I like to play musicals. There’s just something fun about learning a show, performing it a bunch of times in quick succession, and then being done with it. I usually play high school musicals, sometimes in a pit with students, or sometimes just a bunch of Old Folks. The shows chosen in high school are usually popular and fun, and frequently challenging. West Side Story kicked my butt the first time I played it, and Singing in the Rain has brutal brass parts. “You mean I only have two beats to yank the mute out of my horn?” Plus you get to meet and bond with a wide spectrum of other musicians. Nothing like 20 minutes of scene-change music to give you a topic of conversation later.
I’ve played 29 shows over the last 25 years or so. In that time, I’ve developed a method for marking my book that makes end-of-show time easier. Ideally you erase your book when you’re done. Take out any cuts, markings, cheats, or changed vocal cues so that the next user of your book doesn’t have to wade through a lot of junk. Supposedly the publisher will fine you if you leave your book marked up, but that never seems to happen given the number of pre-scribbled books I’ve encountered. Still, I don’t like leaving a mess for others to clean up, whether it’s the next dude with the Reed 4 book or a high schooler who’s being forced to erase my book by their band director.
Every show is going to have cuts, that is, sections of songs or dances that are removed. Maybe the song is too long. Maybe the music is too hard. Maybe it’s in the wrong key for the singer. You can always spot a first timer when they make huge pencil markings on the music to indicate a cut. “CUT TO 87” with a huge arrow scribbling over the intervening measures.
There are two problems with this technique: you have to erase a whole hell of a lot more. Also, cuts change. If the cut is made to measure 45 instead of 87, you have to erase 43 bars of scribbles. If the cut is removed (perhaps Little Johnny finally learned to mambo), you’re faced with a lot of erasing.
I use Post-It® notes, in particular the skinny brightly-colored flag-like “page marker” ones. They’re the perfect size for covering up part of a staff of music, say to change the count of a rest, or to block out a part that’s covered elsewhere in the group but is confusing you for a solo entrance. The bright colors make it easy to spot during performance.
The big thing is that they can be picked up and moved easily. Cut’s been changed to bar 43? Just pick up the flag that has the destination arrow on it and put it onto bar 43. The vamp is going to be repeated 8 times? Put a little “8x” on a note. The vamp is out? Just take off the note. The repeat is no good? Tear two skinny notes and hide the repeat bars.
You can make the flags stick out of your book too, making “flip back three pages for the reprise” situations easy. Just put a couple of flags on the page you need to flip back to and have them peek out the side. Easy to grab and turn. I also use the full-sized notes to write “SUCKS”, and put it in my part with “SUCKS” sticking out the top. I can see exactly where I clobbered an entrance or a solo the night before, and can look at it before the next show.
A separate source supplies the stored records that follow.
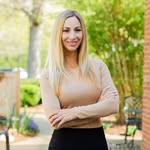 Dani Cox • Real Estate • Nashville - @dani.cox.homes - Instagram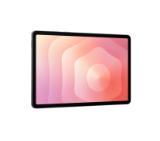 Samsung SM-X736 Galaxy Tab S11 5G 11" 12GB RAM 512GB Gray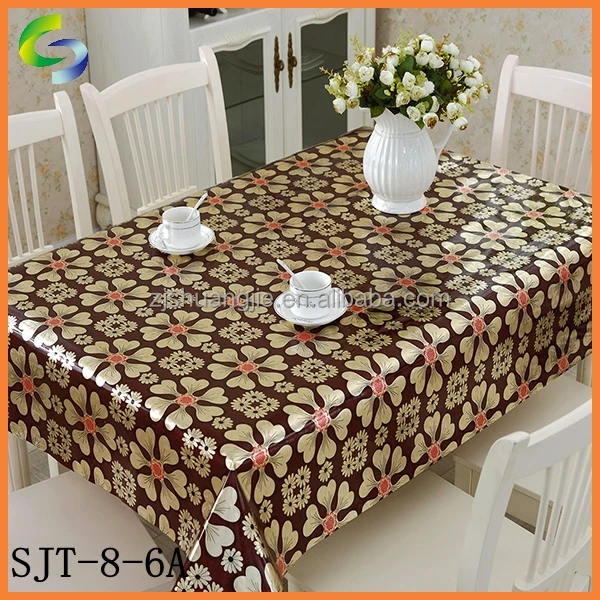 Vinyl Plastic Pvc Table Cover Sheet Buy Vinyl Plastic Sheet Pvc,Table
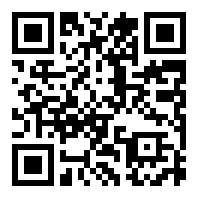 雷电手游V1.0.0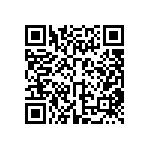 HDWM-15-59-G-D-355-SM-LC QRCode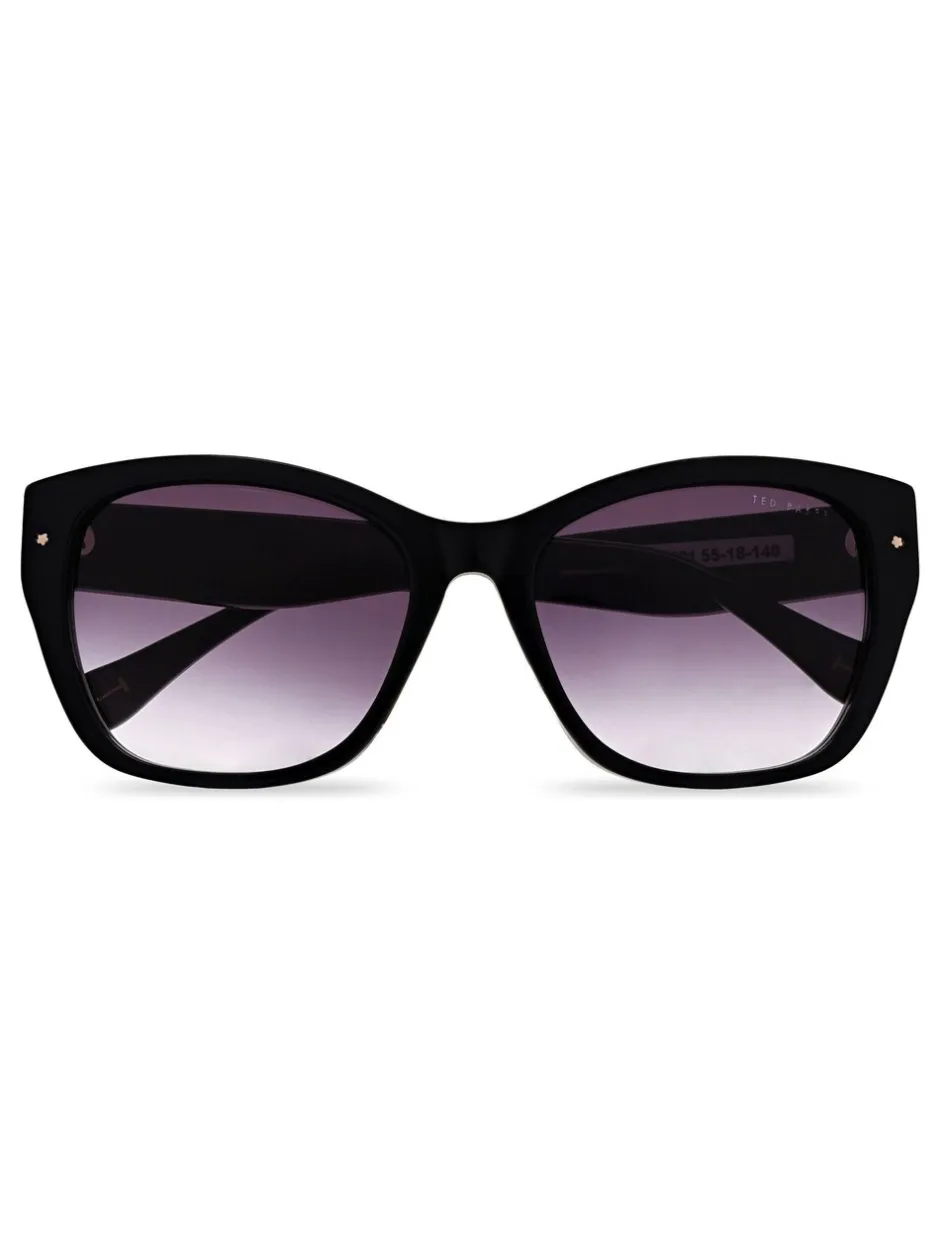 Zonnebril*Ted Baker Riah TB1738 Sunglasses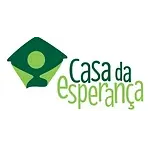 Ícone da CASA DA ESPERANCA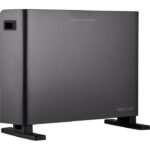 Конвектор електричний WetAir WСH-600EWG 25 м² 2000 Вт купити в Україні hotpro купить в Украине хотпро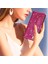 IPhone 14 Için Fermuar Cep Durumda Artı Pu Deri Kart Tutucu Glitter Vaka (Yurt Dışından) 2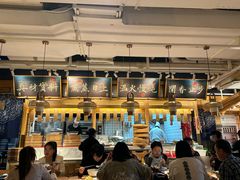 -上坐过桥米线(顺城店)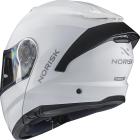 Capacete Norisk Force II Articulado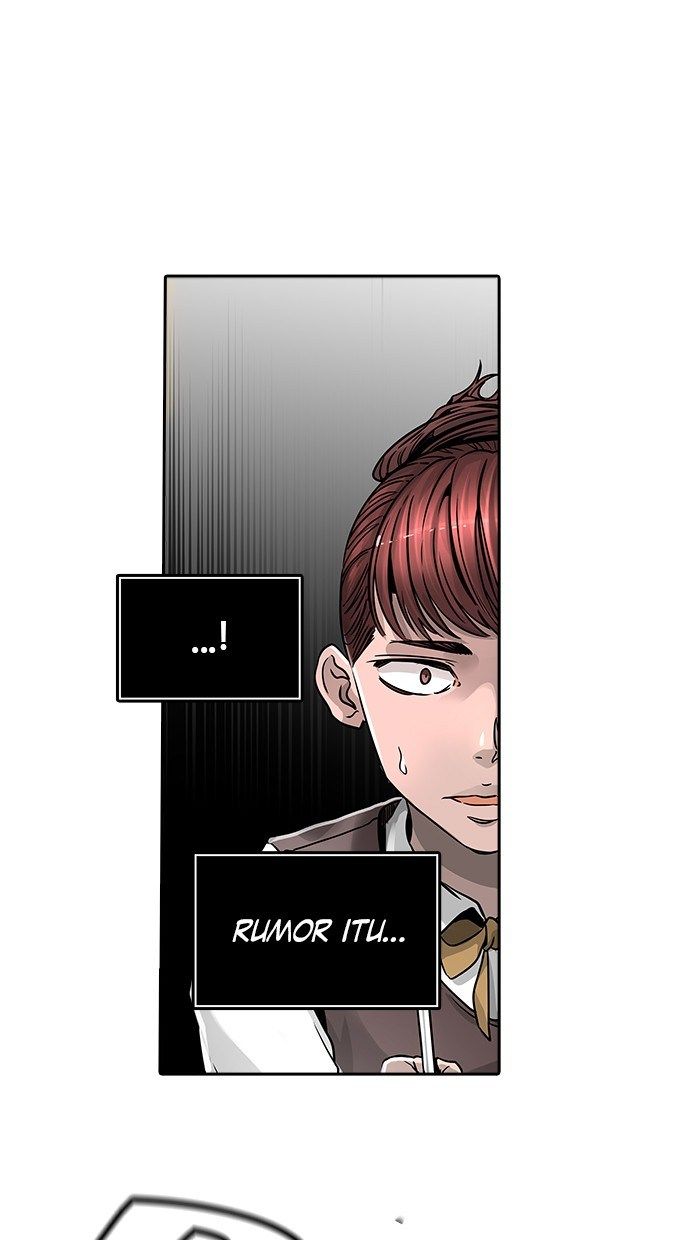 Tower of God Chap 466 - Next Chap 467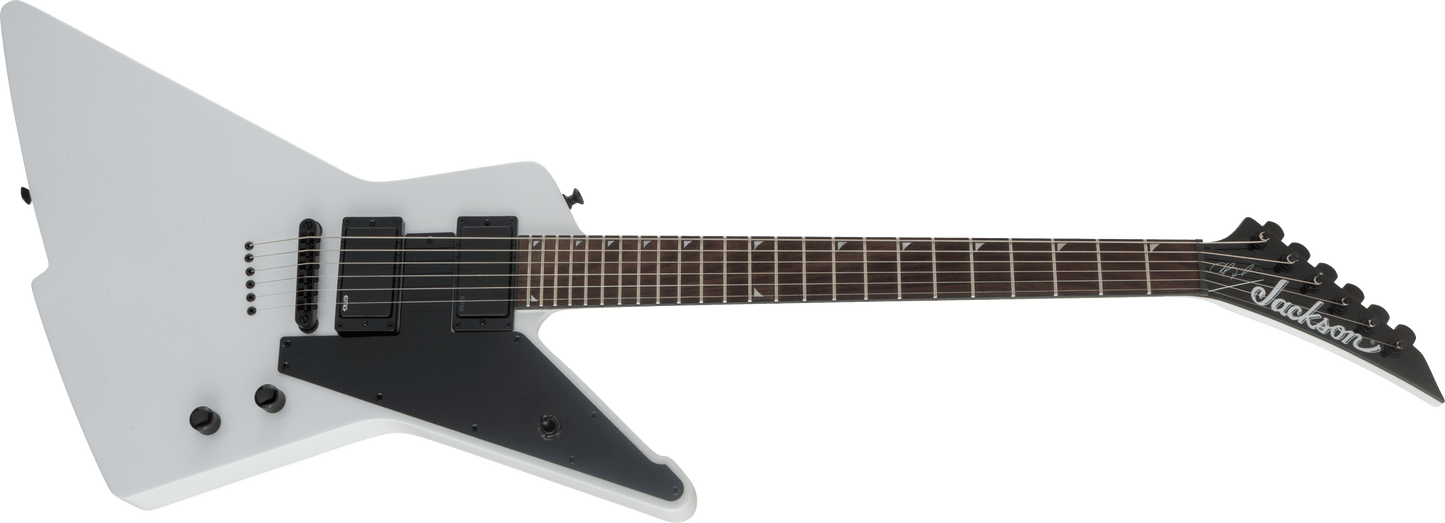 Pro Series Signature Phil Demmel Demmelition Fury PDT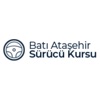 Batı Ataşehir Sürücü Kursu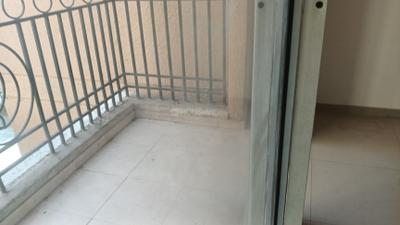 Image of 1090 Sq.ft 3 BHK Apartment / Flat for sale in Prateek Grand City, Siddharth Vihar, Ghaziabad for Rs. 13000000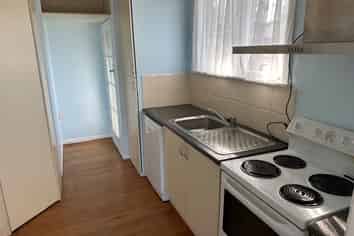 9 Winifred Avenue, Bayview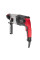 Перфоратор мережевий WT-0172 INTERTOOL (WT-0172)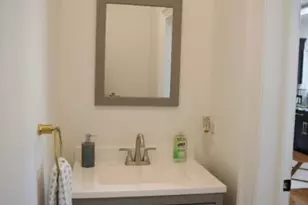 271 Bergen Blvd, Woodland Park, NJ 07424 - Photo 18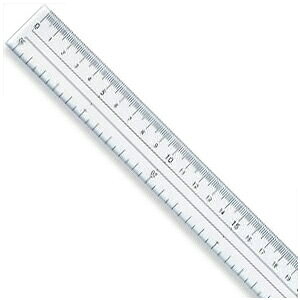 Xebh[ KEڐt 40cm i962 20-40j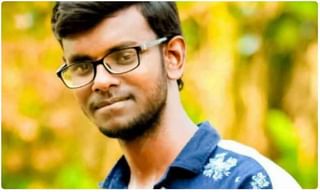 Saaho: ప్రభాస్ మూవీ కోసం.. రూ.7 కోట్ల పారితోషికం: బిగ్ బొనాంజా టు శ్రద్ధా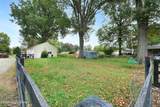 7601 Greenwood Rd - Photo 45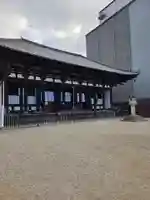 興福寺(奈良県)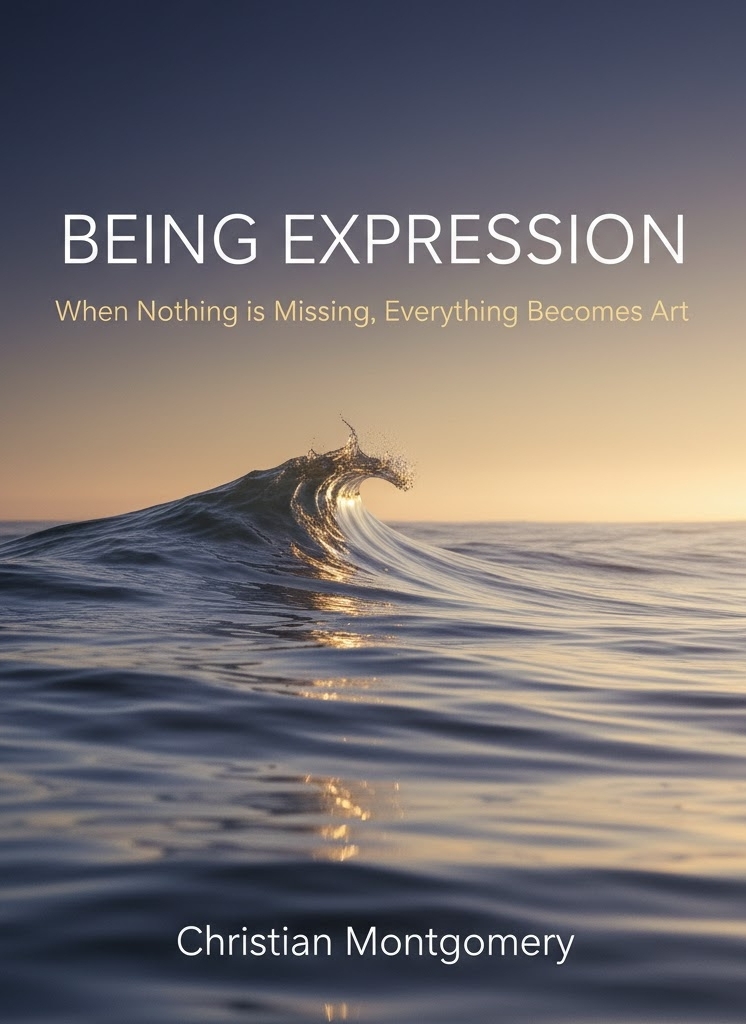 Description of the book cover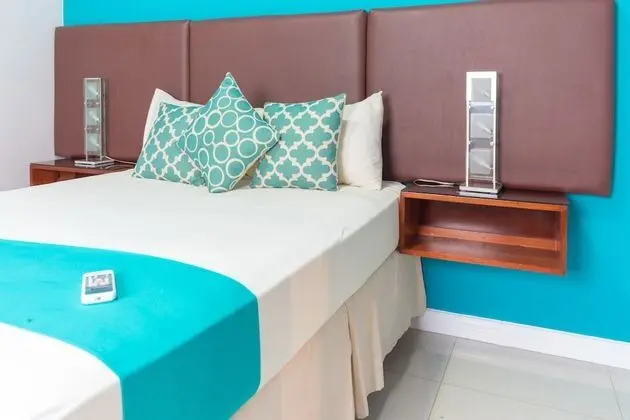 Superior Villa, 2 Yatak Odası, Mutfak, Dağ Manzaralı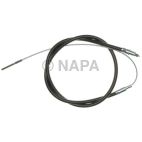 Parking Brake Cable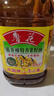 鲁花【保真菜籽油】低芥酸特香菜籽油4L  物理压榨 实拍图
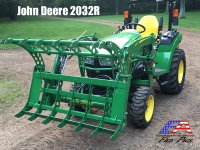 55JD2032R4ee.jpg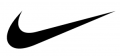 Code promo et bon de réduction Nike  : REDUCTION NIKE -10% POUR LES ETUDIANTS
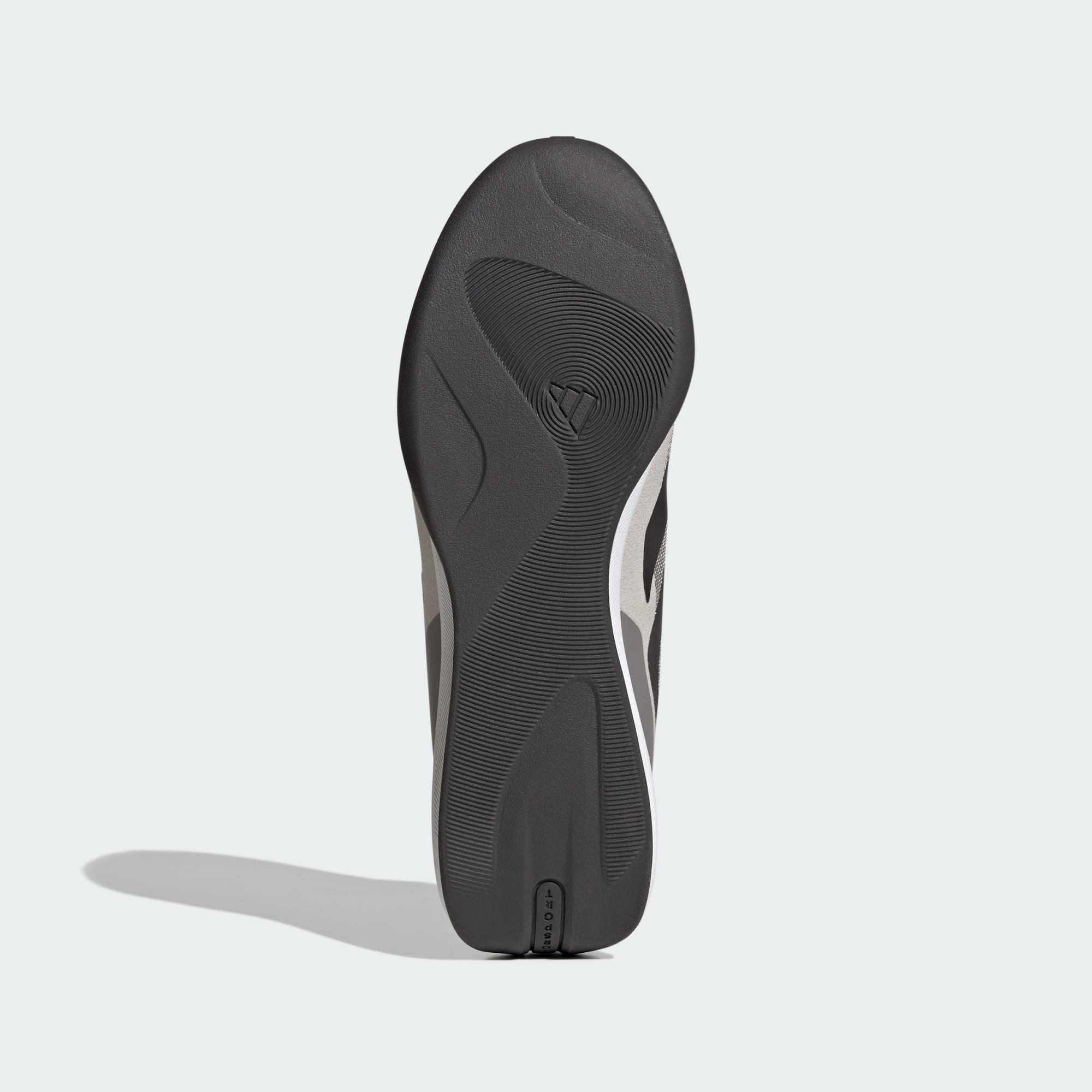 adidas Performance ADIDAS FEROZA BASE AUDI REVOLUT F1 TEAM SCHUH Plateausneaker (2-tlg)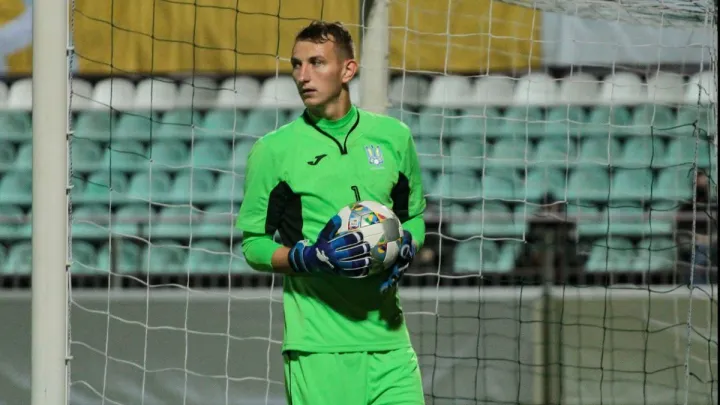 «‎Буде для нас плюс»: Різник зізнався, що допоможе збірній України обіграти Ісландію у відборі ЧС-2026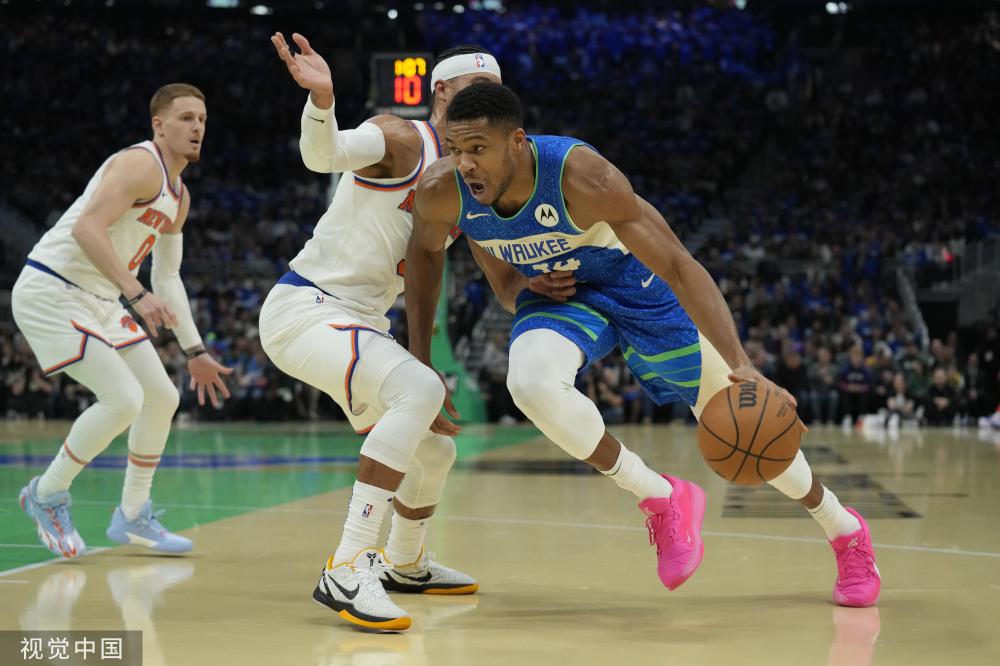 老将增强阵 老将增强阵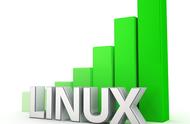 linux修改用户密码永不过期（Linux修改用户密码有效期）
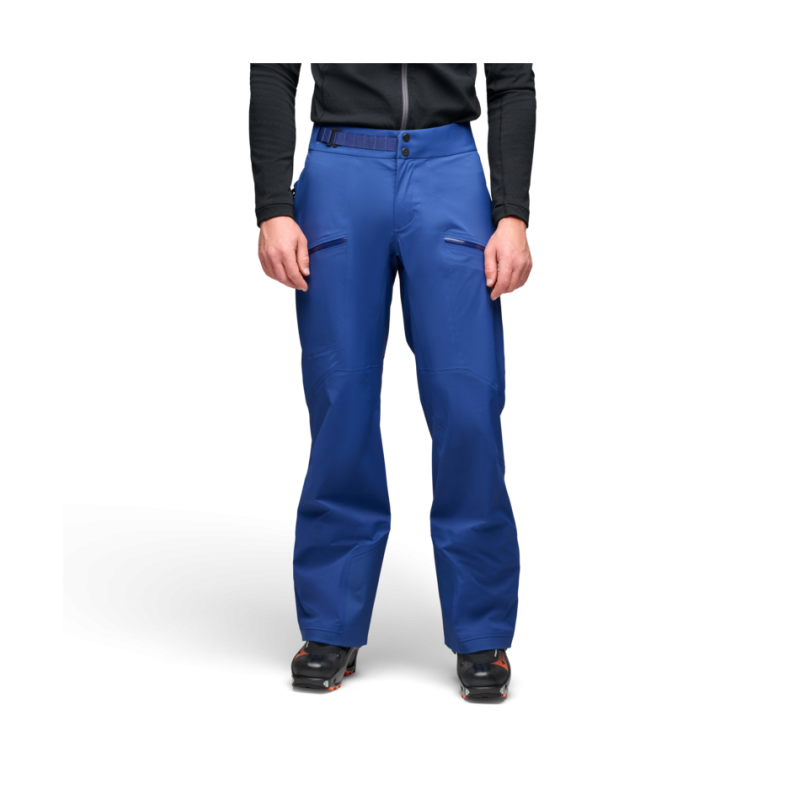 Recon LT Stretch Pants - Pantalon ski homme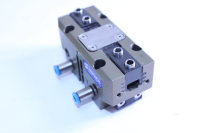 Schunk PGN 64-1 Parallelgreifer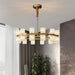Tabitha Chandelier-DWHOME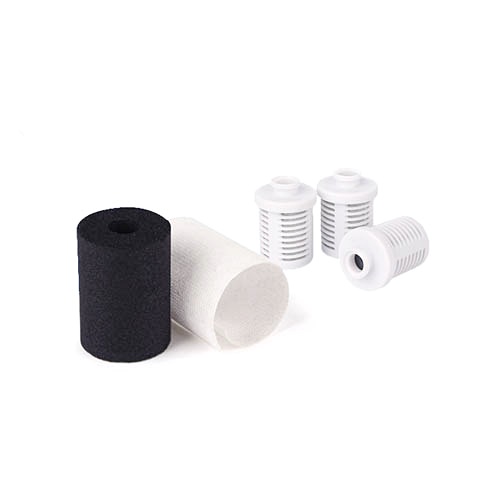 MM-PB-1078-002.jpg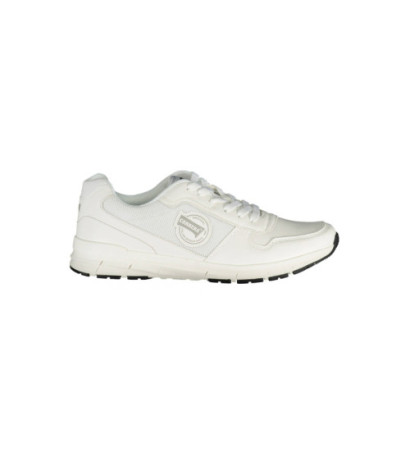 Carrera sneakers CAM43200M White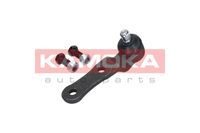 SWORZEŃ WAHACZA PRZÓD L/P OPEL CORSA A TR 1988 1989 1990 1991 1992 1993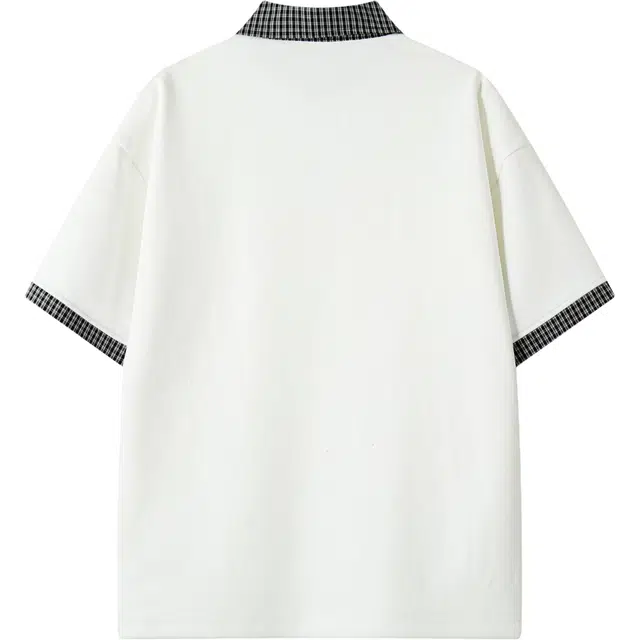 MOOTONAL Polo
You can also get rolls of Post-It tape. I use that if I re-write a chunk of music and want to attach it to the book. Regular scotch tape will ruin the paper, but Post-It tape lets me easily take it off once the show’s done.
I used to use a fancy system with different colors for different actions – green for cuts, purple for vamps, red for repeats, but that was too complicated. If I see “Cut to 45”, I know what that means. So the colors are just a nice visual side effect.